The camp has served San Mateo County fifth and sixth graders since 1968, allowing them to spend a week exploring nature and learning about redwoods.
“The county school board and I are thrilled with this partnership which further enhances Camp Jones Gulch and ensures that generations of San Mateo County students continue to enjoy immersive outdoor learning opportunities,” said said Nancy Magee, San Mateo County Schools Superintendent. “The Camp Jones Gulch experience is a treasure trove for students and helps build their capacity for a climate-ready future.”
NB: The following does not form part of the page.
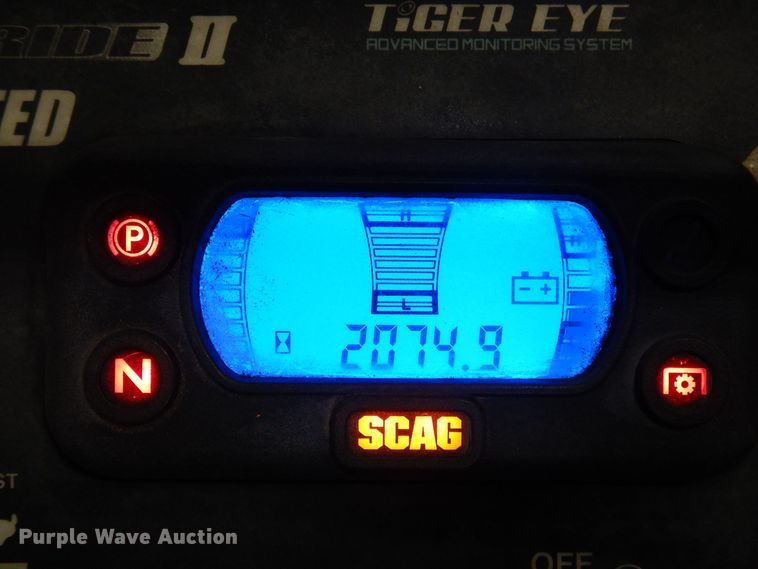 image for item IO9434 2018 Scag V-Ride II  ZTR lawn mower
The purchase by Sempervirens Fund will make it possible to modernize and repair the infrastructures. The fund will also create stewardship worth $422,000 for ecological restoration work.
“This priceless expanse of redwood forest is home to groves of remarkable trees like the ‘Valley of the Giants’ and a cherished nature camp accessible to all area youth and families,” said Sara Barth, Executive Director of the Sempervirens Fund. . “This conservation easement means that the forests of Camp Jones Gulch and surrounding areas will be permanently protected from development, commercial logging and other forms of resource extraction and maintained in partnership with the Y.”
Laura McLendon, director of conservation for the Sempervirens Fund, said adding conservation protections to private redwood forests is essential to creating a thriving regional ecosystem.
“This land is home to some of the oldest and most remarkable trees in all of the Santa Cruz Mountains,” McLendon said. “Some of these trees are well over 500 years old and this easement will protect them forever. It’s a conservation gem.”